IBM InfoSphere Streams Version 4.1.1

Parallel transformations

When you submit a job for a streams processing application that has user-defined parallelism, parallel transformation occurs. Parallel transformation converts the logical application into a physical application that can be deployed.
The parallel transformation transforms every logical processing element (PE) into at least one physical PE, and every operator into at least one physical operator. However, the transformation replicates only the logical PEs and operators that are inside the parallel regions. Operators and processing elements (PEs) are replicated according to the following rules:
  • If a logical processing element contains only operators from inside a specific parallel region, that logical PE is replicated. Logical operators become N physical operators, where N is the width or degree of parallelism that you specified.
  • If a logical PE contains operators from outside a specific parallel region, that logical PE is not replicated. Instead, the operators that are in the parallel region are replicated inside the PE. In addition:
    • If a splitter is fused inside the PE, threaded ports must be inserted before the operators that the splitter communicates with.
    • If the merge point is not fused inside the PE, new PE output ports are created as required.
  • Directly adjacent parallel regions, where the output ports of the parallel region feed directly into the input ports of another parallel region, always have shuffles between them. A shuffle means that each of the replicated operators at the end of the first region have splitters that feed into the replicated operators at the beginning of the second parallel region.

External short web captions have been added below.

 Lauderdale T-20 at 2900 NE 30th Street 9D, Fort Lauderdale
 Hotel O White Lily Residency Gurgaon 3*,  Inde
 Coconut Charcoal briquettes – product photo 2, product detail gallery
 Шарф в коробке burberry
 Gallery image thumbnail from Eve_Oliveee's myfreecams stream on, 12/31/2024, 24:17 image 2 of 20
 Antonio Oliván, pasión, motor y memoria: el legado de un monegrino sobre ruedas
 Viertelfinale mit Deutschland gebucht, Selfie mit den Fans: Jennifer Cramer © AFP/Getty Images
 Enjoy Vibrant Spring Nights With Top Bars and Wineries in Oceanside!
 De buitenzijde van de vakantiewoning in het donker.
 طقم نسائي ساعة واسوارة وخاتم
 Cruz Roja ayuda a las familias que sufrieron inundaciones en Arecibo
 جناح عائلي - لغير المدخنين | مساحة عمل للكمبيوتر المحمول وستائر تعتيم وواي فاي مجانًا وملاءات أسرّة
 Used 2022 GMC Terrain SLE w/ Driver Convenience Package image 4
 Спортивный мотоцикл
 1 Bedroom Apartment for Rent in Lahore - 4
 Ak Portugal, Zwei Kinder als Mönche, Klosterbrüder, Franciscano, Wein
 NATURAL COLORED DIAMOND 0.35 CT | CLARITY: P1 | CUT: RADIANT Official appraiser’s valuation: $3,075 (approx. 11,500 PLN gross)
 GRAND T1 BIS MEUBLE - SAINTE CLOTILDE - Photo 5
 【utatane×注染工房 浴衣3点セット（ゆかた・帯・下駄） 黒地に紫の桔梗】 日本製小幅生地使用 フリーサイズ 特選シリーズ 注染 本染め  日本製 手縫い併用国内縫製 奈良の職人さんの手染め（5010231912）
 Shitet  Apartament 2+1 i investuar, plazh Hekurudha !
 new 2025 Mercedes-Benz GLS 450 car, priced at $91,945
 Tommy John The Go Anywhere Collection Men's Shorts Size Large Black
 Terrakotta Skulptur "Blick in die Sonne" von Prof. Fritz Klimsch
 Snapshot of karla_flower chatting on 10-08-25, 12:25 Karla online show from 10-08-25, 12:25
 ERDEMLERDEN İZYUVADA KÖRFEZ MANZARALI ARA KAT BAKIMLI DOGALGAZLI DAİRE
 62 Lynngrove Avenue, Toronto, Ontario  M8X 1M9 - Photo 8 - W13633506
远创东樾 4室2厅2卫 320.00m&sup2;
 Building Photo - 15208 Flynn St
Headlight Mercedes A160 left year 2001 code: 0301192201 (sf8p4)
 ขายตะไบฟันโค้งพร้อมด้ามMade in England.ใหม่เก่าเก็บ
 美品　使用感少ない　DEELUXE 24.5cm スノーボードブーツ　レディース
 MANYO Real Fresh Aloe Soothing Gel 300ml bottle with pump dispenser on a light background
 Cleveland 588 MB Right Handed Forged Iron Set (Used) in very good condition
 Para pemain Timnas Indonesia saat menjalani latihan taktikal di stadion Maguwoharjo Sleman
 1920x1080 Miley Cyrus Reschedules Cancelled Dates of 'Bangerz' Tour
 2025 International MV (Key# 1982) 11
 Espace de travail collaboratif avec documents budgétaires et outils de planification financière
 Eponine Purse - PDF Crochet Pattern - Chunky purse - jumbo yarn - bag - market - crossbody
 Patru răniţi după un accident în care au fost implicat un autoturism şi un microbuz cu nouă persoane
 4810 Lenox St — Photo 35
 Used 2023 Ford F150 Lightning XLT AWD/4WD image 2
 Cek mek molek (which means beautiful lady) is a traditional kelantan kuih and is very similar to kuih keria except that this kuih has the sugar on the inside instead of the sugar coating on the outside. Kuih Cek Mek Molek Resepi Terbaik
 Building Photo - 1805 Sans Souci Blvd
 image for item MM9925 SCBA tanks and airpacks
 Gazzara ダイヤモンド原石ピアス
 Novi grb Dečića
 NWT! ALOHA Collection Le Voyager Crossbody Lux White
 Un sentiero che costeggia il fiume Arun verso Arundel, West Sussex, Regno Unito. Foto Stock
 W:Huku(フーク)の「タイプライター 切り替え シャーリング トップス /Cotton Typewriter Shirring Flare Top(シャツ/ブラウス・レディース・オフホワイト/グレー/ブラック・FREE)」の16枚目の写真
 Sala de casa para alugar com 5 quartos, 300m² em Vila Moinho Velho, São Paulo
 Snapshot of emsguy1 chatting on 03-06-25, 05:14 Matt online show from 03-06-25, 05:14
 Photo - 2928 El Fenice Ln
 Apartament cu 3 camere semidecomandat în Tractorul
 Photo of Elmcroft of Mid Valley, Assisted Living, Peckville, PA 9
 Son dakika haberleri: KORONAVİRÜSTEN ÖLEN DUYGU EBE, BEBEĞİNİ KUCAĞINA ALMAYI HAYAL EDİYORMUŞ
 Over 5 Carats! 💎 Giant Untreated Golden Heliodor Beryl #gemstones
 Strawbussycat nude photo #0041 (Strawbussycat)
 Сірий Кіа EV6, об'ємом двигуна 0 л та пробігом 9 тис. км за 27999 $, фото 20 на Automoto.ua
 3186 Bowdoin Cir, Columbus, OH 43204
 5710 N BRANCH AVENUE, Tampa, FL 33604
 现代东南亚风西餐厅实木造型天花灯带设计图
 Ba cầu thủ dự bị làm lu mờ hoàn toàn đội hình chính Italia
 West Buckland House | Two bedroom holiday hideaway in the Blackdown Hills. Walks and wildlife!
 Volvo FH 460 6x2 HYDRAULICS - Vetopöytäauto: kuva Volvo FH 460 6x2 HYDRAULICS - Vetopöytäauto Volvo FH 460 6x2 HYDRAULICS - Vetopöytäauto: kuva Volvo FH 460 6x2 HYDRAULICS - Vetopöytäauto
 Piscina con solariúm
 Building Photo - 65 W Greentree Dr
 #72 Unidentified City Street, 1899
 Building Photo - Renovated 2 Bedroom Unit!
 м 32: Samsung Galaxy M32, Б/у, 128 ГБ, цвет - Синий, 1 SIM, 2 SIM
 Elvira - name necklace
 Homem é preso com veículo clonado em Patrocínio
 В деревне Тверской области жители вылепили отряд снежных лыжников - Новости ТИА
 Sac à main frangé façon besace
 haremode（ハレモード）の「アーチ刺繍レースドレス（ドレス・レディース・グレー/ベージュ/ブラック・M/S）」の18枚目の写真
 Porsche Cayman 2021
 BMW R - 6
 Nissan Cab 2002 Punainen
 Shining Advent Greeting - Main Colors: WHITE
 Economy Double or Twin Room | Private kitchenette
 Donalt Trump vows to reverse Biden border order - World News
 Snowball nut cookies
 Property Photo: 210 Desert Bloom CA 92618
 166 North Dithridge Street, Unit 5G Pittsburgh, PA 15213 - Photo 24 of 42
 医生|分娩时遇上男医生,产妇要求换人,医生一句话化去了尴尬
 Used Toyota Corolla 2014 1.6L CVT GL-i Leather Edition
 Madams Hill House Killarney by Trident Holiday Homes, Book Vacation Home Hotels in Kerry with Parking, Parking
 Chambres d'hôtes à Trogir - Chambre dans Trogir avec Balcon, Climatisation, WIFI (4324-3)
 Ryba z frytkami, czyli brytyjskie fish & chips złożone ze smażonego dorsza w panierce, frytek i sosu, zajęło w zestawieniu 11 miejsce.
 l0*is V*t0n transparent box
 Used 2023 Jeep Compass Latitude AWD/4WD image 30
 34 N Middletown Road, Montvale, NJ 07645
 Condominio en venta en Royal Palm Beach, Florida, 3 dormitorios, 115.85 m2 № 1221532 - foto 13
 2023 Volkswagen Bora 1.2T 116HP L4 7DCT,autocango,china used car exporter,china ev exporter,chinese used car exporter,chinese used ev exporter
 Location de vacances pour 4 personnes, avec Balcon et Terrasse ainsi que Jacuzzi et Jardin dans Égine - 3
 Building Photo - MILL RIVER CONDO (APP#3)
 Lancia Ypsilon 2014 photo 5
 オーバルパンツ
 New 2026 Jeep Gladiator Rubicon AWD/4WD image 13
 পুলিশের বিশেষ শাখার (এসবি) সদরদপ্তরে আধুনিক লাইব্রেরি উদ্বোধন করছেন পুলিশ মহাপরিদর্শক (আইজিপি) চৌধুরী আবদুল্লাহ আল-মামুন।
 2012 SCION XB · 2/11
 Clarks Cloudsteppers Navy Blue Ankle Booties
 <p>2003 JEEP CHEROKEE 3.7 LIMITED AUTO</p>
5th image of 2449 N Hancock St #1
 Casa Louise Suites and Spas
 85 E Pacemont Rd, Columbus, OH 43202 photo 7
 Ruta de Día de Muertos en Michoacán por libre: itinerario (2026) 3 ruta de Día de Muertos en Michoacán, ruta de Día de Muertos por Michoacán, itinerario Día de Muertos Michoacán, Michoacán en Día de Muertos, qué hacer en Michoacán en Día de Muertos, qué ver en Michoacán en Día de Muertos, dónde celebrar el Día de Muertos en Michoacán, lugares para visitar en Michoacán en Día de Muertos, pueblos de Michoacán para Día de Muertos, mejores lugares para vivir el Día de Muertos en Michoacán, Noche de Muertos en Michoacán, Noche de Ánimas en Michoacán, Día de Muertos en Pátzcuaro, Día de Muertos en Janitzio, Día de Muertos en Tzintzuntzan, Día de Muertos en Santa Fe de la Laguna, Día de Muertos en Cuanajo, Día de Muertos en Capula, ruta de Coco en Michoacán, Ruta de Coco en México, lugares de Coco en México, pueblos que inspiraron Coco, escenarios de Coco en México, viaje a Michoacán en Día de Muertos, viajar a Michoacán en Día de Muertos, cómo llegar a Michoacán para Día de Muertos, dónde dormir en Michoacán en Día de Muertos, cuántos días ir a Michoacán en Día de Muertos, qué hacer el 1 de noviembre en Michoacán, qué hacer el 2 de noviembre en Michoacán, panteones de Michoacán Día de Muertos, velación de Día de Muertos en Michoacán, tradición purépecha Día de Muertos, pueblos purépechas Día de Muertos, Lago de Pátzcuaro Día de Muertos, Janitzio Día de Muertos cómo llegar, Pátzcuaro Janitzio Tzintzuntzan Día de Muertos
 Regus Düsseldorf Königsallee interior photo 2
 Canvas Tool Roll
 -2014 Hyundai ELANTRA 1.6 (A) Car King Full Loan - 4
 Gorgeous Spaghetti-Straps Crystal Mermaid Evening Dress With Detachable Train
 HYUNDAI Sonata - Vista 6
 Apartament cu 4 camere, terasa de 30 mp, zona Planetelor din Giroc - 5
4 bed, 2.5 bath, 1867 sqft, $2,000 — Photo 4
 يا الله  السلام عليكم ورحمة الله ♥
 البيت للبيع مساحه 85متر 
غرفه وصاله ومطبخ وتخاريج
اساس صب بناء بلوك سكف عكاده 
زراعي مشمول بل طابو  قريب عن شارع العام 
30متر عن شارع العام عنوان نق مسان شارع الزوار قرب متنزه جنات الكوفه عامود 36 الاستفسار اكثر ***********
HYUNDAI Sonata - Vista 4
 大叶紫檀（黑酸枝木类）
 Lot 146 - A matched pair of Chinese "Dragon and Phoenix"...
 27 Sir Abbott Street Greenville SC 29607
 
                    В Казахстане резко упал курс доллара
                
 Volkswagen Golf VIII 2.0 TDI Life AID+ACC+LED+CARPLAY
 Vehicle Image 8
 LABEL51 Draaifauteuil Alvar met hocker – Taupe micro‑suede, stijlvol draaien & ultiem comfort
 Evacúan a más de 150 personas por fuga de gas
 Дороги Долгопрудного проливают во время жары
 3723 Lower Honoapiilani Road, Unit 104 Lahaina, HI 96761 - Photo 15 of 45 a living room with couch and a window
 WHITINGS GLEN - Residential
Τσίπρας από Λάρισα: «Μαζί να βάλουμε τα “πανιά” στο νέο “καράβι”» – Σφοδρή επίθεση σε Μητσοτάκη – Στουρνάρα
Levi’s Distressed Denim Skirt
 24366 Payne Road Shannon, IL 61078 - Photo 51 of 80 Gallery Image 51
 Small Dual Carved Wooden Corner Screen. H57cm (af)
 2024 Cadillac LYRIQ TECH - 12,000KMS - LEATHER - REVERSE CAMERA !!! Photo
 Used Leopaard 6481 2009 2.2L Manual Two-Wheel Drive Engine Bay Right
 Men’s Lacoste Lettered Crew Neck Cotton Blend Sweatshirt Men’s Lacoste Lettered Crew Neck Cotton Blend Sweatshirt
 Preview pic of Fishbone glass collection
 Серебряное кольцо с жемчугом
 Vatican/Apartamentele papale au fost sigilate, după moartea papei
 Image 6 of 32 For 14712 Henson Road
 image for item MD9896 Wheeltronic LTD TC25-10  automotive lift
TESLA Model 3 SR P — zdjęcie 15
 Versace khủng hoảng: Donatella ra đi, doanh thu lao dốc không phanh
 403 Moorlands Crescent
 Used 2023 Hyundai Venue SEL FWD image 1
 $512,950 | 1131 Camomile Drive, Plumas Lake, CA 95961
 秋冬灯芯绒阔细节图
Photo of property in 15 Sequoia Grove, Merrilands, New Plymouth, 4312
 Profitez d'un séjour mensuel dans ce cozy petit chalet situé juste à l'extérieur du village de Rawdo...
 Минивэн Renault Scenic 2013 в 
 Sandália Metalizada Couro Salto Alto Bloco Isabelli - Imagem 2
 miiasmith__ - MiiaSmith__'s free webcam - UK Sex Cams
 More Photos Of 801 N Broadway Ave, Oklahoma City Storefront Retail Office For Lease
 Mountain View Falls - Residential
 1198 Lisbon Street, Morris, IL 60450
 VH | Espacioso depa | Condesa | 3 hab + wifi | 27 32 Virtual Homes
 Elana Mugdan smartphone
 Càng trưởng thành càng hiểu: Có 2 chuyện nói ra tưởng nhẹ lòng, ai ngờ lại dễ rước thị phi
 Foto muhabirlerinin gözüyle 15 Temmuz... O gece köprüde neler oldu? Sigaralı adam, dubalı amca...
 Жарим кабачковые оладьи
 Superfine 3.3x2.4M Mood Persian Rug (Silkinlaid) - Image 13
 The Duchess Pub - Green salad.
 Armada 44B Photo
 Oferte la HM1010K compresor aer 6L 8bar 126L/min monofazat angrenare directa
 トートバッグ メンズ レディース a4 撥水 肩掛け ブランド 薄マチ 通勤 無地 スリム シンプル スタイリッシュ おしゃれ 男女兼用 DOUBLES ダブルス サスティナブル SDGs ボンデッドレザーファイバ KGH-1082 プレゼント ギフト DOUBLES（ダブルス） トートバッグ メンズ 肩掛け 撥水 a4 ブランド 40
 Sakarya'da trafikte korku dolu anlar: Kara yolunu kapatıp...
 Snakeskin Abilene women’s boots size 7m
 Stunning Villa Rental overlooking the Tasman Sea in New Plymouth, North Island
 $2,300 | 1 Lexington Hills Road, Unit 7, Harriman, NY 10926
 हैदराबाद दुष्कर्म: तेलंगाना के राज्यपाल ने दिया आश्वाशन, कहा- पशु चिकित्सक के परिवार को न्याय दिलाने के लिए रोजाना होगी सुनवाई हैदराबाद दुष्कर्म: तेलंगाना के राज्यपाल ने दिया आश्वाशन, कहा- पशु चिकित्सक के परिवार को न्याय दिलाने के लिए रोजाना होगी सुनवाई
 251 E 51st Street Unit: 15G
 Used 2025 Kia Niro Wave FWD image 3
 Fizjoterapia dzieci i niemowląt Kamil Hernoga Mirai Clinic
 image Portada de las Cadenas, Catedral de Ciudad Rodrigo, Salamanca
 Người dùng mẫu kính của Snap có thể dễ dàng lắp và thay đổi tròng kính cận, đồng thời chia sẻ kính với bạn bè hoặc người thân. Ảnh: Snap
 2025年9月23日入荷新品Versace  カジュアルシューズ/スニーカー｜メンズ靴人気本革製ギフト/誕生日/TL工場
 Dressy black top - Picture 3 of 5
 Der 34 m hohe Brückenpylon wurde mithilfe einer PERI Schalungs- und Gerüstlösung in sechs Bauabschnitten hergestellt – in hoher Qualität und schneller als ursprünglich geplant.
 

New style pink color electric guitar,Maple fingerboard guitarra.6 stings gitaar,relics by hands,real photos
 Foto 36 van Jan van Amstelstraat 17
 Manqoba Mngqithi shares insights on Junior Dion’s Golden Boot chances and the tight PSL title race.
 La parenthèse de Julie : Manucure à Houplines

A sibling operator is a physical operator that is derived from the same logical operator as another physical operator. Likewise, a sibling PE is a physical PE that is derived from the same logical PE as another physical PE. Sibling PEs and operators are identical except for the names, indexes, and placement configuration options.

The application manager service performs the parallel transformation and tracks the resulting changes. When the transformation is complete, every output port with a splitter that feeds into a parallel region has N replicated connections that feed into the N replicated operators, where N is the fully expanded width of that parallel region.